Ja das ist mir bewußt. Ich nutze den Baustein in einem weiteren Programm. Also der Eingang wird von einer Steuerung angeschaltet und bleibt deshalb auch an. Sollte ich den TON in meinem PrOgramm reinnehmen, also bevor ich auf den FB Impulse zugreife?


----------



## bleri (12 April 2011)

Haste vielleicht eine andere idee


----------



## bleri (12 April 2011)

Im Anhang hab ich mein Programm eingefügt. Vielleicht hilft euch das etwas mehr.


----------



## gloeru (12 April 2011)

nimm mal Zeiten, die du von Auge sehen kannst (2-3 Sekunden) und wenn du online bist, versuche die Signale zu verfolgen. Verwende dazu die diversen Tools von TwinCAT. Nimm mal die Ablaufkontrolle oder setzen BreakPoints. Wenn nichts hilft, gehst du halt mit Einzelschritten daran. 
P.S. Versuch dir mit den zur Verfügung stehenden Mittel möglichst selbst zu helfen, sonst wird deine BA-Arbeit ziemlich mühsam. Und versuche die Probleme viel genauer zu beschreiben. (So als Tipp unter Studenten ;-))


----------



## bleri (12 April 2011)

Ja werd das morgen mal weiter ausprobieren. 

Problem:
Ich möchte Fehler simulieren bei einem Wassereinlauf. Ein Fehler kann unteranderem durch die Einschaltverögerung simuliert werden, dabei soll der Nutzer den Wert für PT später selber festlegen. Es funktioniert soweit alles nur halt diese Einschaltverzögerung.

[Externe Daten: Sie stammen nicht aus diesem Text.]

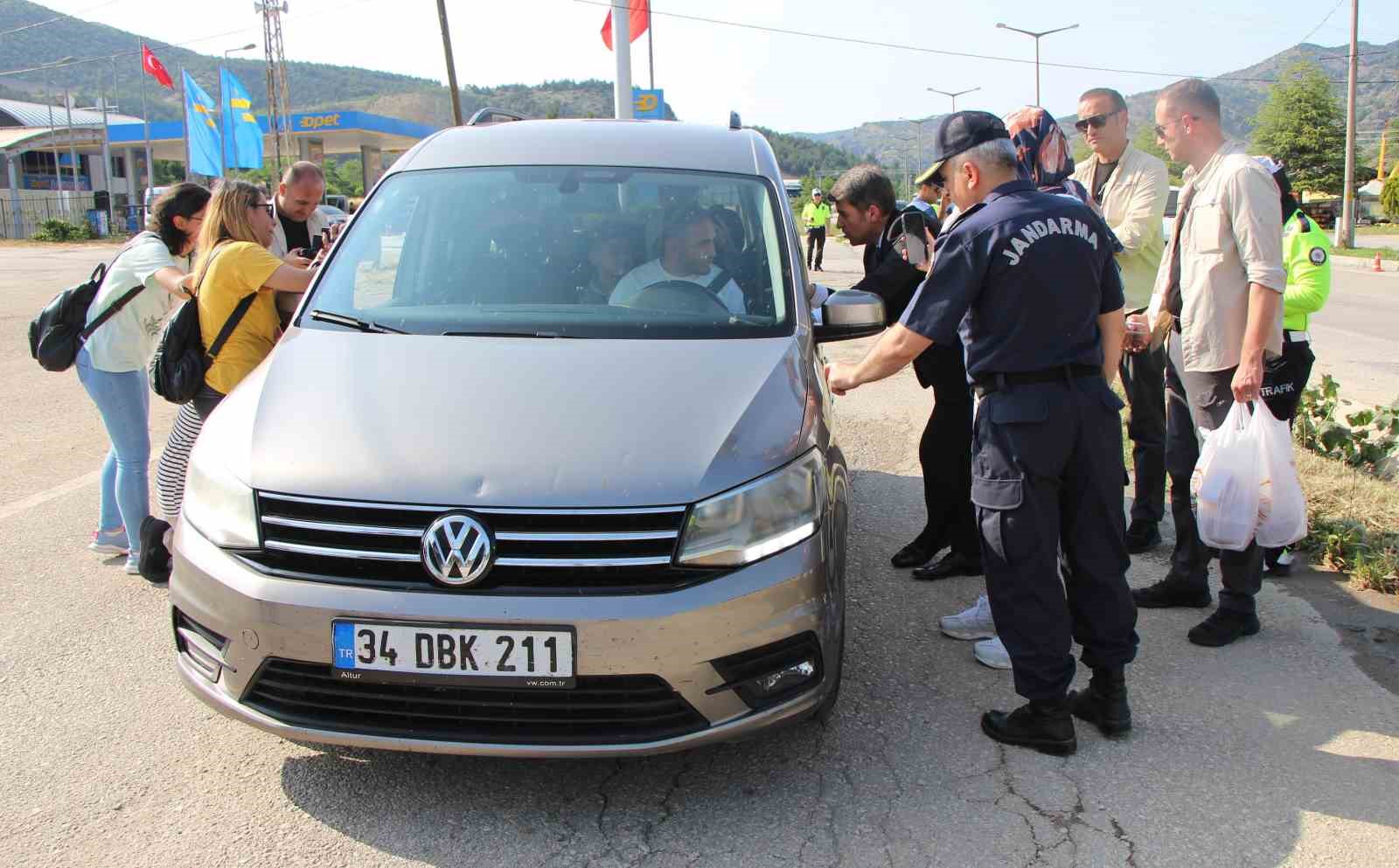 Bayram için yola çıkan sürücülere Amasya çöreği jesti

Ich werd morgen mal kurz Posten ob ich es geschafft habe. Danke erstmal...


----------



## PN/DP (12 April 2011)

bleri schrieb:


> Also so wie ich es jetzt gemacht habe, hat die Verzögerung kein Effekt.
> 
> Und wie meinst du das, dass der "impulseingang" langer als die TON Zeit true sein muss?

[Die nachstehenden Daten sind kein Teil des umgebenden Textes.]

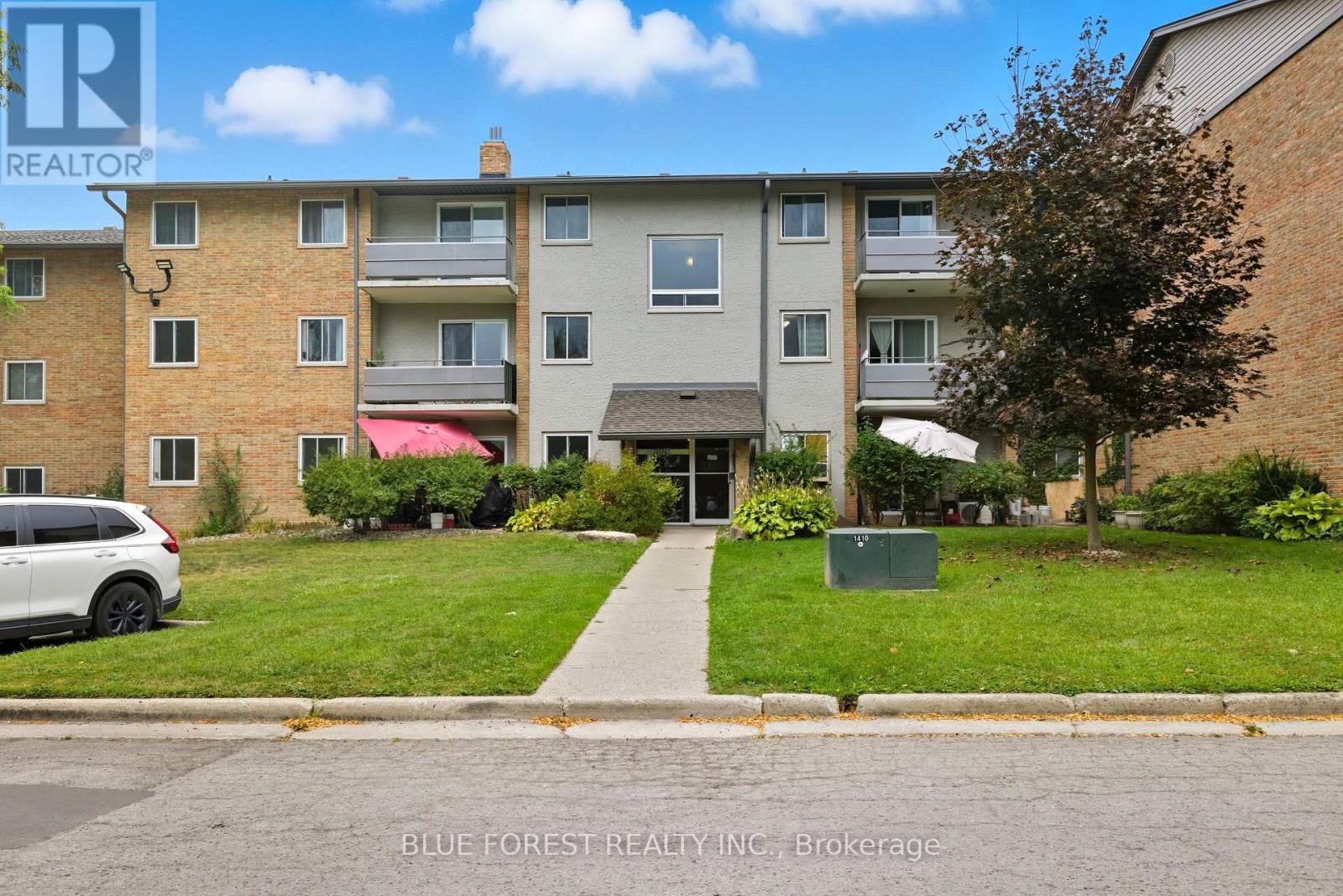 4 - 665 WONDERLAND ROAD S, London South (South M)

Der von Dir gewählte Bezeichner "impulseingang" suggeriert, daß an diesem FB-Eingang Impulse anliegen.
Tatsächlich ist es aber ein Freigabesignal für die Impulsausgabe.

Was Du programmiert hast, das funktioniert so:
Wenn der Eingang KL1702_DI_230V_14 5 Sekunden lang ununterbrochen true ist, dann beginnt der BLINK-Baustein "test" mit der Impulserzeugung mit den vorgegebenen Puls-/Pause-Zeiten T_1 und T_0. (30ms sind heftig kurz, ist das tatsächlich so gewollt?)
Sobald KL1702_DI_230V_14 false wird, stoppt die Impulsausgabe. Für eine erneute Impulsausgabe muß KL1702_DI_230V_14 wieder 5 Sekunden ununterbrochen true sein.

Ist das genau das, was Du willst?
Wenn Du etwas anderes willst, dann beschreibe die von Dir gewünschte Funktion genauer.

Eventuell ist es sogar so, daß der Impulsausgang, während KL1702_DI_230V_14 false ist, so bleibt, wie er zuletzt war und nicht unbedingt auf false wechselt (TwinCAT kenne ich nicht und mein Codesys ist ziemlich lange her).

Ansonsten kann ich mich nur den Tips von gloeru anschließen und empfehlen, das Programm mit sichtbar langen Zeiten zu simulieren und zu beobachten.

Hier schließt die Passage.